Zaman zaman toplumsal dinamik ve muhalefet ile seçmen bunu zorlasa da genel gerçek kaideyi bozmamıştır.
Direkt, ya da dolaylı son iki seçimde halk askere karşı birazcık tepkisini seçimlere yansıtıysa da var olan gerçeklik fazla değişmedi. Ak Parti buna tercümanlık ve aynı zamanda bunun sefalet edebiyatiyla oylarını artırabildi.
2007 seçimlerini biraz da bu temelde görmek gerekir. Yani AKP nin yükselişi tümüyle sadece din üzerinden değil, birazda halkin E-Darbeye tepkisiydi de.
AKP, mağduriyet politikasiyla bunu iyi perçinleştirerek, özellikle seçim sürecinde adeta orduya karşıymış gibi bir direnç rolunu da iyi oynadı. Özelikle Kürdistan’da ordu ve ırkçı muhalefet ve savaş çığırtkanı medyaya karşı adeta direnir gibi davranarak kürt sorunun çözümü konusunda da bazı mesajlar da vererek kürt oylarını önemli oranda çalmayı da becerdi. Ancak seçimlerin hemen ardından orduya teslim olup sınır ötesi ve sınır içi operasyonlara başladı.
AKP tercihini halktan yana değil, ordu ve geleneksel devletten yana yaptı.
Kürd sorunu konusunda şiddet politikalarını beminsedi. Hatta bu konuda MHP ve Devlet Bahçeli’yi bile sollayarak geride biraktı. Devlet Bahçeli bile Mecliste, şeklende olsa, DTP lilerle tokalaşırken, Erdoğan paşaların korkusundan DTP’ lilerin elini bile tutmaya cesaret edemiyerek onlarla görüşme taleplerinide kabul etmedi.

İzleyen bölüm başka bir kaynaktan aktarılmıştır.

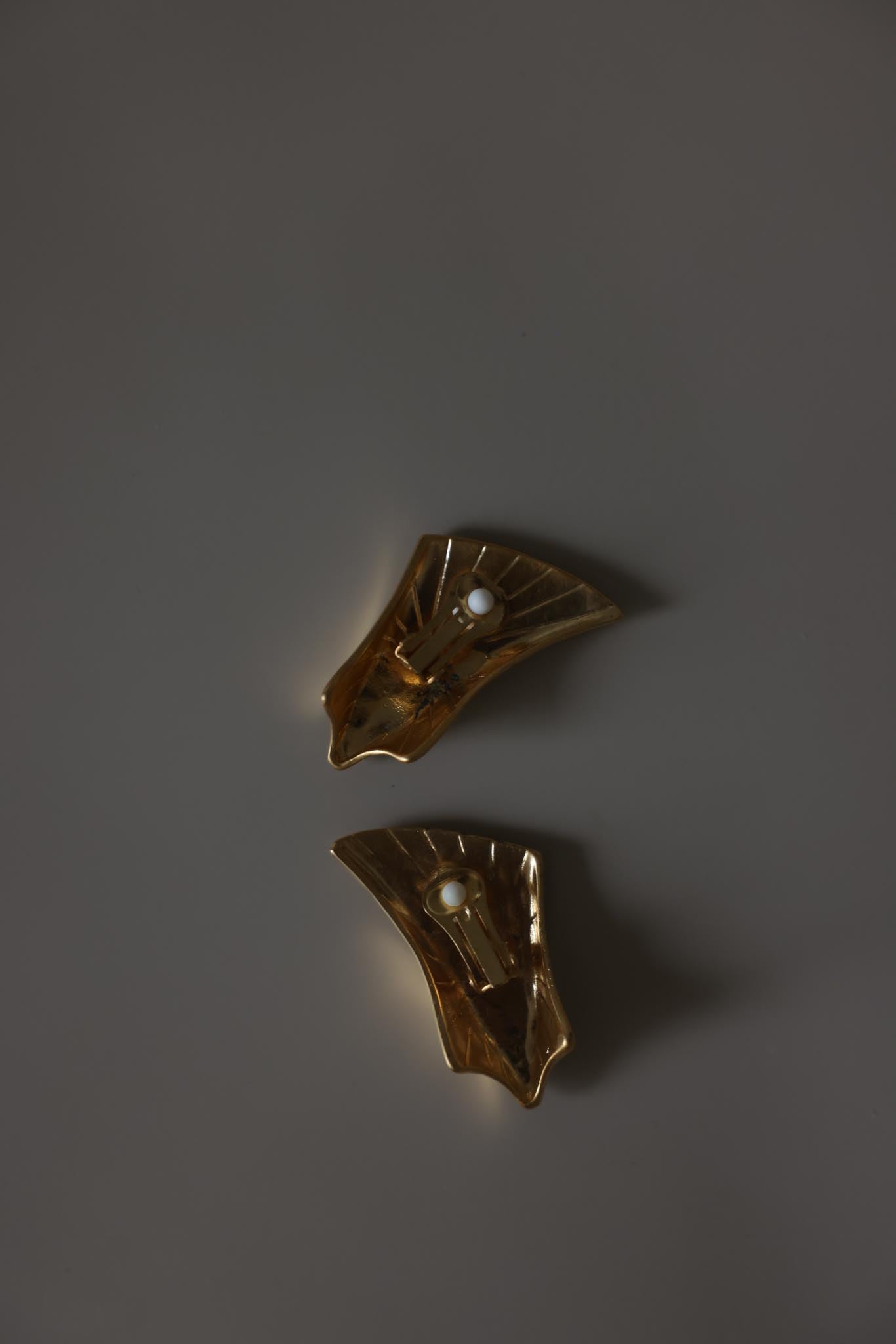 Matte Gold Sculptural Fan Clip-On Earrings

Tabi tüm Kürtler bunu görerek tekrar kandırıldıklarını ve bir kez daha din silahiyla vurulduklarını anlayıp, bunun intikamını almaya ahd ettiler.

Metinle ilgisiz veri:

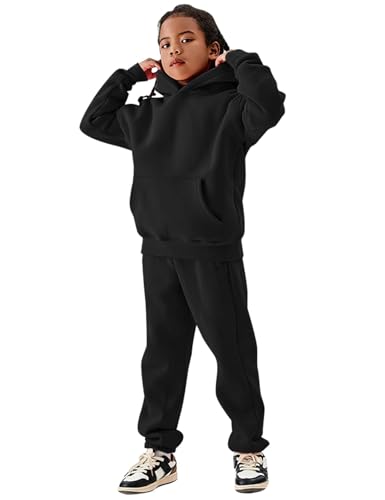 Arssm Girls Boys Sweatsuits Fleece 2 Piece Outfits Pants Set Hoodie and Sweatpant Set Kids Athletic Fleece Tracksuits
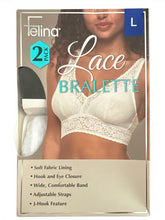 Load image into Gallery viewer, NWT Felina Women's Intimates & Sleepwear Felina 2-Pack
Lace Bralette White/Bk L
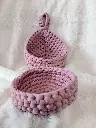 2 PANIERS AU CROCHET (rose/violine)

Yukarda da belirtiğimiz gibi, din etkisi dışında kamuoyunda AKP’den anti-asker ve demokratik bir beklenti içerisinde olanlar daha doğrusu böyle bir beklentiye sokulanlar AKP ve Tayyip Erdoğının samimi ve dürüst olmadığını görerek tepkisini gelecek seçimlere saklamış gibi görüyüyor.
Denilebilinirki, AKP ve Erdoğan orduya yaranamadı, ve hem kiliseden, hem de camiden olarak, kapatılmayla karşı karşıya geldi.
Burada AKP’nin başka bir yanılgısı daha var ki, oda eskisi gibi mağduriyet edebiyatiyla oy avcılığı artık halk tarafından yutulmayacaktır.
Halbuki AKP tutumunda tutarlı, dürüst ve karalı olsaydı gerçten oyları artarabilirdi.
Ancak AKP idda ettiği gibi halk ve hakka değil, hizmet değil orduya hizmeti esas aldı.
Halkta kendisine yalan söyleyen, kendisini kandıran Erdoğan ve partisini cezanandıracaktır. Yani artık AKP sadece ordu ve hukukun kıskacından öte, halkın da kıskacına girmiş bulunuyor. Hem dinden, hem imandan olan Erdoğan, hem halktan hem de ordudan oldu. Erdoğan iki karpuzu bir koltukta taşıyamadı.
AKP ister kapatılsın, ister kapatılmasın - ki kapanması ihtimali fazla - artık bir gerileme sürecine girmiştir ve bu gerileme, sonun başlangıcıdır. Bu gerileme sonucunun erken, ya da geç olması gelişmelere bağlı. Ama kesin olan bir şey var ki, artık bu gerileme sürecinin başladığı ya da başlatıldığı ve sonununda geleceği gerçeğidir.
Buna genel ve özel ekonomik sorunlarda eklenince bu sonucun hızlanacağı kesindir.
Hukuki olmasa da, Anayasa mahkemesine AKP nin kapatılması dileğiyle kerhen başarılar dilemek gerekiyor.